Senate Minority Leader Mitch McConnell is facing fierce criticism for comments he made this week in response to a question about the concerns of voters of color.
Virginia Democratic Rep. Donald McEachin condemned the remark in a letter to the Kentucky Republican, saying, “I am writing today in response to your recent comment on voting rights in which you insinuated that African Americans are somehow not American citizens.”
“This is 2022 and being American is not synonymous with looking or thinking like you. African Americans are, in fact, American citizens deserving of our recognition, respect, and equal protections under the law.”
At the Republican leadership’s weekly news conference held on Wednesday, Latino Rebels reporter Pablo Manríquez asked McConnell what his message was to voters of color who are concerned they would not be able to vote in the midterms if Congress failed to pass the John Lewis Voting Rights Act.
“Well, the concern is misplaced because if you look at the statistics, African American voters are voting in just as high a percentage as Americans,” McConnell said. “A recent survey, 94% of Americans thought it was easy to vote. This is not a problem. Turn out is up.”
Asked by CNN whether the senator had left out a word in his comment, a spokesman for his office said McConnell meant to say “other Americans” not just “Americans.”
The apparent misstatement has led to heavy criticism from the left, with groups using the Twitter hashtag #Mitchplease to address the Republican leader.
“It’s definitely giving #MitchPlease. African Americans are ARE Americans, 365 days a year!” read a tweet posted by the Congressional Black Caucus account.
McConnell, in a statement provided to CNN on Thursday by his team, said he has “consistently pointed to the record-high turnout for all voters in the 2020 election, including African-Americans.”
This is not the first time McConnell has come under fire for comments pertaining to issues of race and racial discrimination in America.
In 2019, when asked about his position on reparations for slavery in advance of a historic House hearing on the matter, he said in part, “We’ve elected an African American president.” The response sparked outrage, with some arguing he had suggested the country paid for “the sin of slavery” by electing Barack Obama.

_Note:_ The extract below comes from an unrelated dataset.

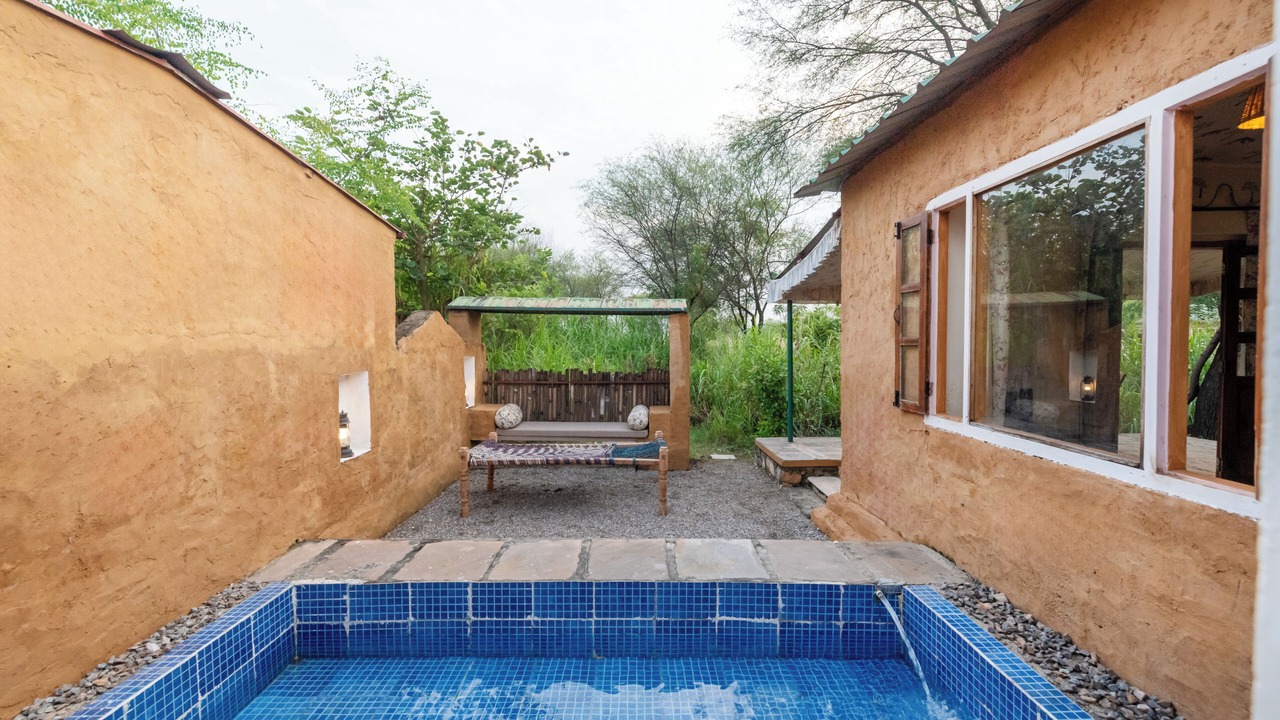 Photo of Outdoor in Sawai Madhopur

And last year when asked about the racial history of the filibuster, McConnell responded, “It has no racial history at all. None.”
“For more than a century the filibuster was widely understood to be primarily dedicated to maintaining White supremacy and blocking civil rights,” Adam Jentleson, author of “Kill Switch: The Rise of the Modern Senate and the Crippling of Democracy,” said at the time.
A spokesperson for McConnell later clarified that the senator “was referring to the origins of the filibuster.”
This story has been updated with a statement from Senate Minority Leader Mitch McConnell.